Understanding the Mexican political system involves exploring each of the elements that constitute it. To begin with, it is necessary to address the constitution.

The Political Constitution of the United Mexican States

The document that characterizes the Mexican State, its government, and the norms of the relationship between these and society is the Political Constitution of the United Mexican States. It defines the rights of citizens (articles 1 to 30, 33 to 35, 37, 38, and 123) and their obligations (articles 31 and 36); as well as the formation, organization, limits, and functioning of the government (articles 39 to 136).

Article 133 states that "this Constitution, the laws of the Congress of the Union that emanate from it, and all treaties that are in accordance with it, concluded and to be concluded by the President of the Republic, with the approval of the Senate, shall be the Supreme Law of the whole Union. The judges of each state shall conform to said Constitution, laws, and treaties, notwithstanding the provisions to the contrary that may exist in the constitutions or laws of the states".

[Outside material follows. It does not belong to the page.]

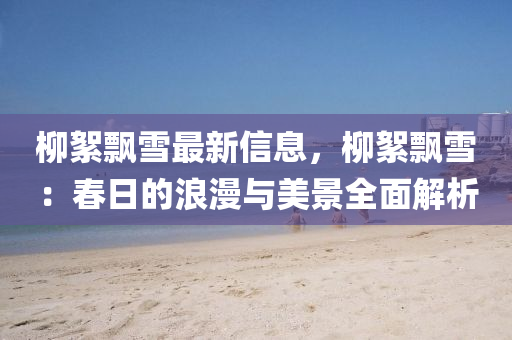 桺(liu)絮(xu)飄雪(xue)最新信(xin)息，桺(liu)絮(xu)飄雪(xue)：旾日的浪(lang)漫(man)與美景全麵(mian)解析(xi)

All laws made by Congress, judgments made by the Judiciary, and regulations made by the Executive, as well as state constitutions and laws, must be drafted so that their content conforms to the constitutional articles. If these contradict any constitutional precept, this must be processed through instruments of constitutional control, such as a constitutional controversy, an action of unconstitutionality, or an amparo.

It is impossible for the Constitution to include all of the regulations on the subjects covered by the articles, so it is necessary to draft secondary laws that regulate the principles or general ideas established in the articles, such as the Law Regulating Article 27 in the Oil Industry, the Federal Code of Electoral Institutions and Procedures, or the Law of Amparo.

Most of the information on the form and organization of the Mexican State and government can be found in the Political Constitution of the United Mexican States of which there are various editions, accessible by price and place of sale.

Although the Constitution establishes procedures for its reform, it is more difficult to reform because it is considered that the principles and articles established there are the most important for the country and must be protected from political ups and downs and interest groups.

There is one fact that is important to clarify. There is a general feeling in the country that politicians do not reach agreements and do not want to work, that they do not want to make changes and that it is their lack of will that prevents the country from taking a good direction. Academic studies have concluded that the most ungovernable system and the one in which it is most difficult to reach agreements is the one that combines multiparty (more than two parties) with the presidential system.

If we also add that Mexico is federal, that is, it has federal, state and municipal authorities, the people with whom one must negotiate to achieve anything multiply, making it even more difficult to reach and maintain agreements, that is, to achieve stable changes that all parties want to implement. It is important to consider the restrictions and difficulties of the Mexican political system if we want to understand the problems in-depth, and not doing so can lead to incomplete or incorrect conclusions, judgments, or solutions.